Barring any major surprises between now and then, The Londoner Hotel, Sands China’s latest addition to Cotai in Macau, could be ready to go in just a few months. The property is going to offer one-bedroom suites after being converted from the former Holiday Inn Macau Cotai Central, and work has been stalled due to COVID-19. The property was expected to open in July of this year, but the pandemic forced Sands China to alter the timetable. If no more schedule changes are necessary, it’s possible the venue will be ready next February.
Sands China President Wilfred Wong Ying Wai expects a “tentative” February launch, according to GGRAsia. The hotel, which is part of the rebranded Londoner Macao casino resort, went the all-suite route as a way to attract high-rollers and is expected to have “exclusive rooms designed for VIP and premium players.” Hopefully, that plan won’t come back to bite Sands China, as VIP gaming is expected to be the last segment to recover following the COVID-19 debacle.

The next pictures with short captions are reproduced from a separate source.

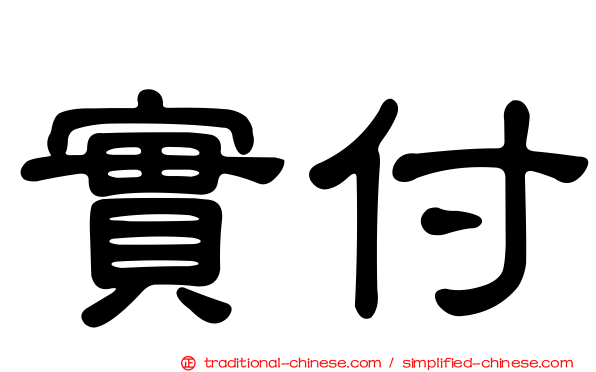 實付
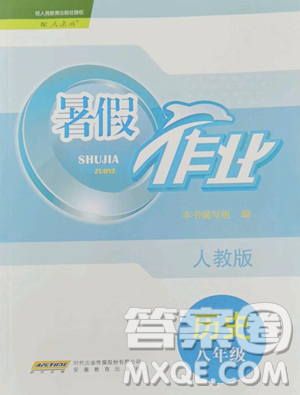 安徽教育出版社2023暑假作业八年级历史人教版参考答案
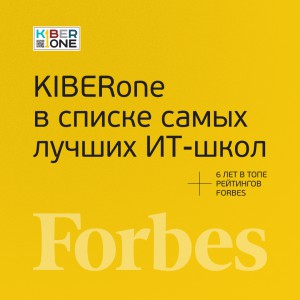 FORBES ПОДТВЕРЖДАЕТ: KIBERone – среди лучших офлайн–школ программирования для детей - КИБЕРшкола программирования для детей, компьютерные курсы для школьников, начинающих и подростков - KIBERone г. Дзержинск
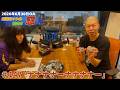 #147【地上波#119】ナナナナーナナナナー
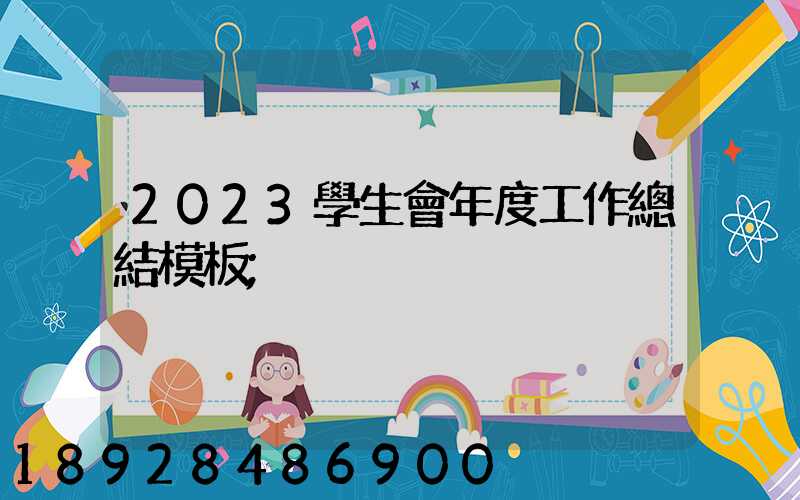 2023學生會年度工作總結模板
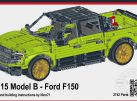 MOC_兰博基尼42115套内改装_福特F150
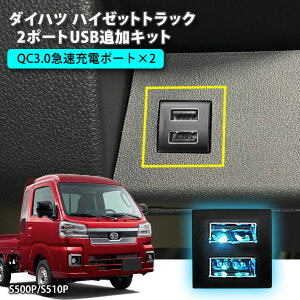 _Cnc S500P/S510P nC[bggbNiR3.12`j 2|[gUSBǉLbg }[d yg^C^Cvz USB݃|[g [dp X}z[d USB\Pbg DAIHATSU HIJET TRUCK JUNBO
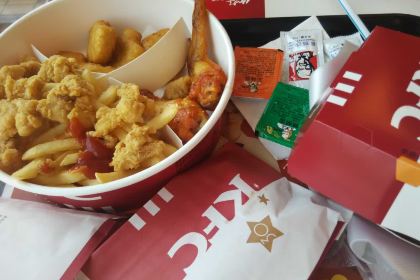 KFC (xuanchengfushan)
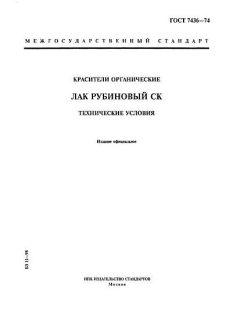 ГОСТ 7436-74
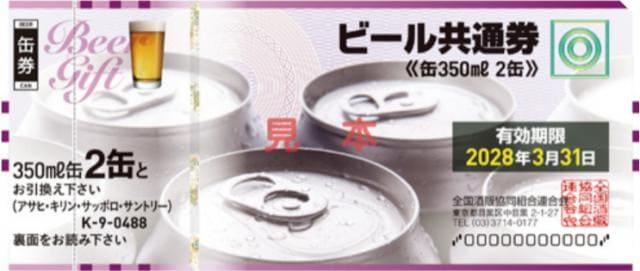 ビール共通券（缶350ml2本：有効期限2028年3月31日）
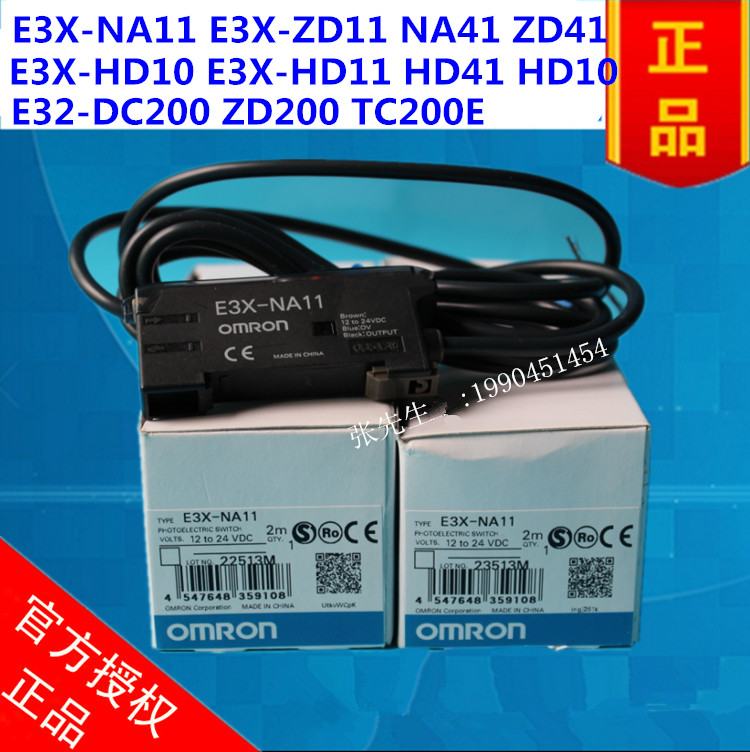 Spot OMRON Optical Switch E3X-NA11 E3X-ZD11 E3X-HD10 HD11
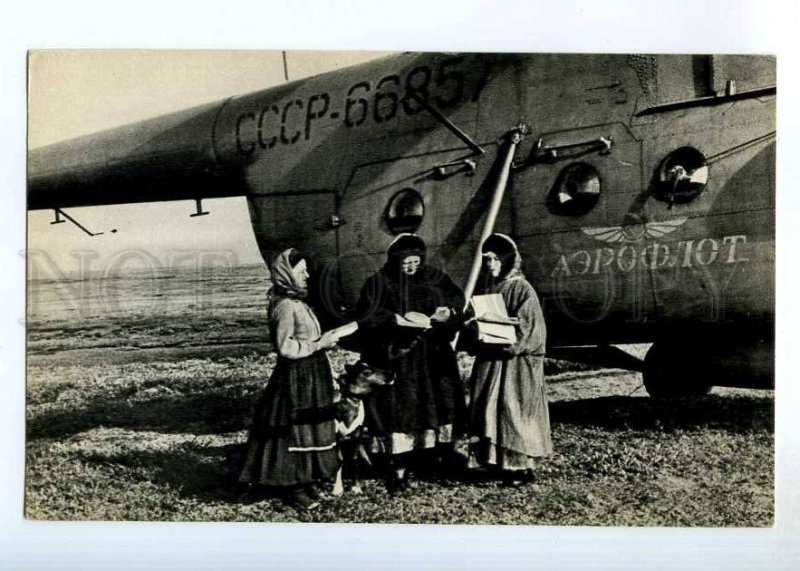 237455 Russia KOMI Republic MAIL to tundra on HELICOPTER old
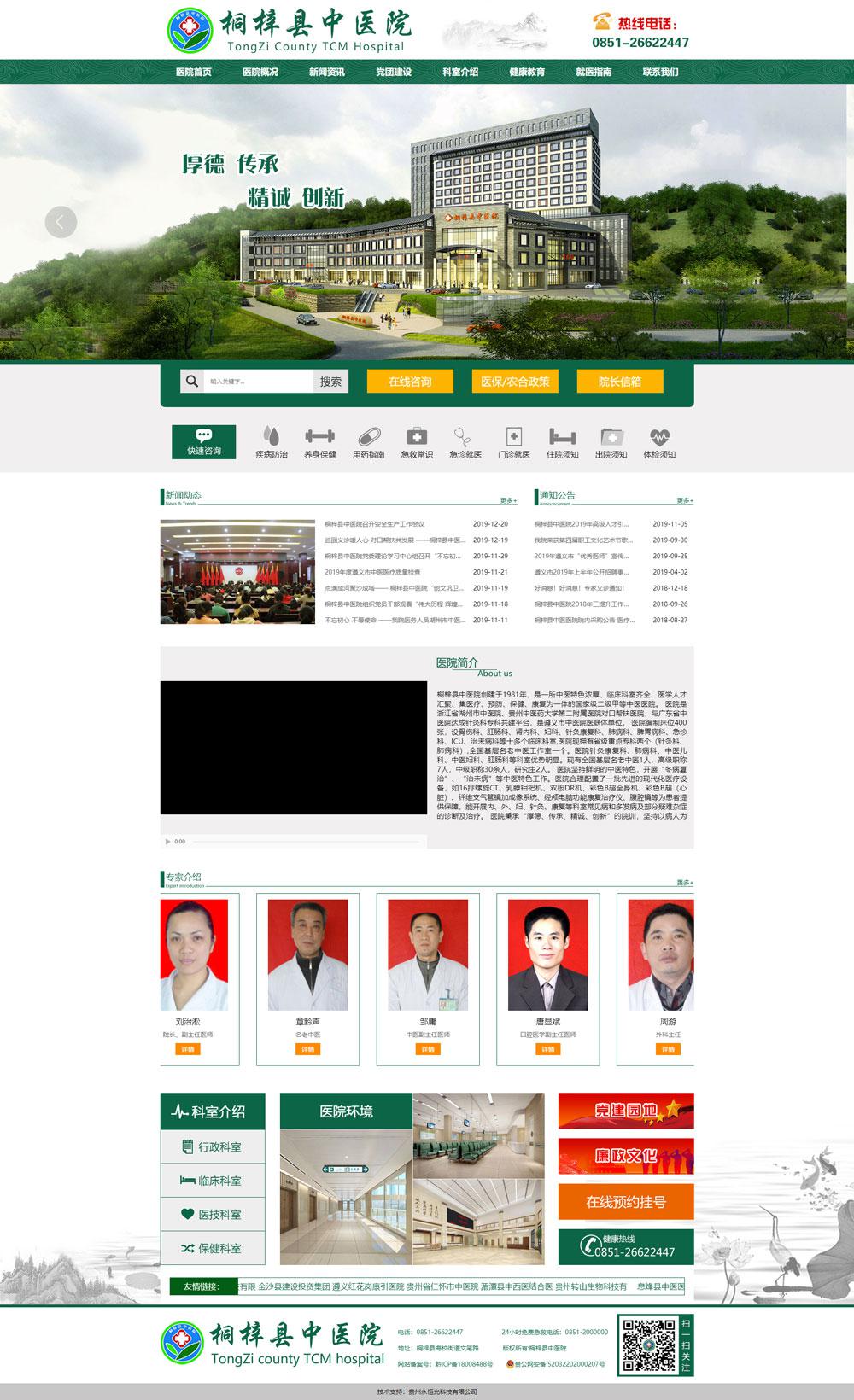 桐梓縣中醫院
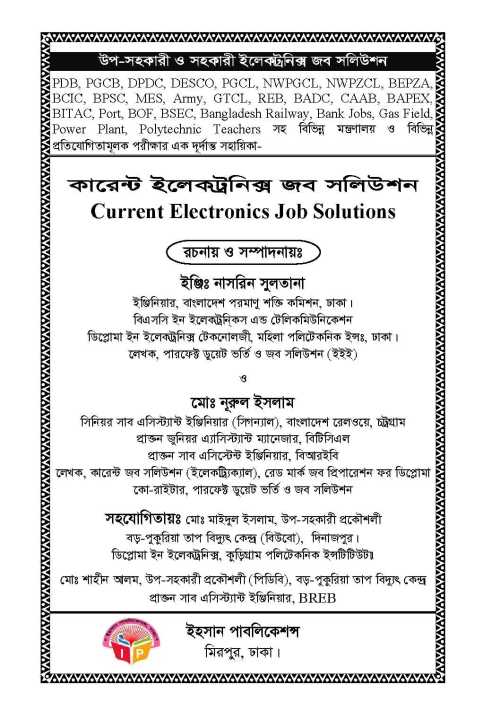 Current%20Job%20Solution%20(Electronics)%20-%20Image%202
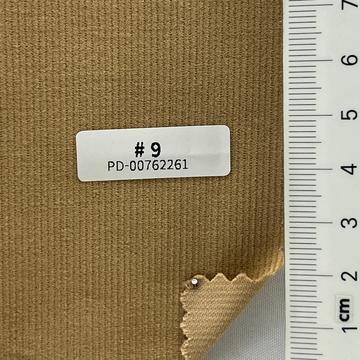 베이지(KS) Beige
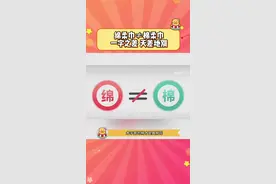 棉柔巾与绵柔巾，一字之差，天差地别，以后买柔巾把眼睛当火眼金睛用，绝不挑错！#棉柔巾 #洗脸巾种草视频封面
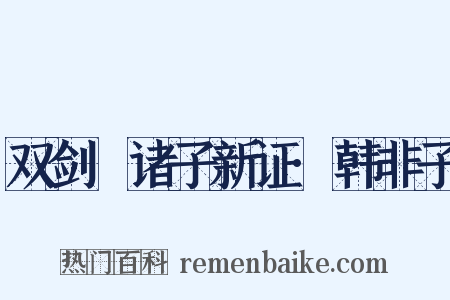 双剑誃诸子新证·韩非子是什么意思的图片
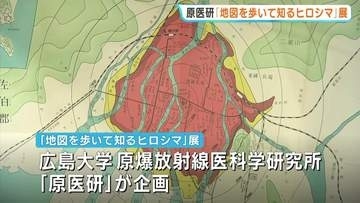 原医研の企画展「地図を歩いて知るヒロシマ」はじまる　貴重な“復刻地図”も展示　「広島の地図には特別な意味がある」広島大学・医学資料館で1月まで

There was no exact date given for the venue’s grand opening, but launching in February could potentially give it a huge marketing boost. The new Chinese New Year begins on February 12 and, if Sands China, the Asian arm of Las Vegas Sands, can get the property ready in time, The Londoner could capture a lot of attention from both guests and those curious to check out the UK-themed location. However, none of that will happen if Macau isn’t able to walk back its coronavirus-induced travel restrictions before then.
There has already been some forward progress made in Macau’s travel market, with hotel occupancy rates seeing a slight uptick at the beginning of November. The city’s tourism bureau reported that, for that week, hotels saw occupancy from 33%-45%, which is a little higher than the daily average of 38.1% in October. Wong believes that things will continue to climb and expects Sands China properties to see occupancy rates of more than 40% in December.
The rebound can’t come soon enough, especially for Sands China. It has been working on The Londoner and the Four Seasons as part of a larger $2.2-billion project in Macau, and recovering that investment is paramount to stability. The company reportedly has over $2 billion in liquid assets, but has still had to issue $1.5 billion in senior notes and has made arrangements with a lender to tweak a credit agreement.
Macau has seen a drastic decline in its gaming revenue this year compared to what it took in last year. Through the end of October, the city reported a year-on-year drop of 81.4% in gross gaming revenue, and the full-year figure won’t be any better, even if Macau sees a boost going into the last month of the year.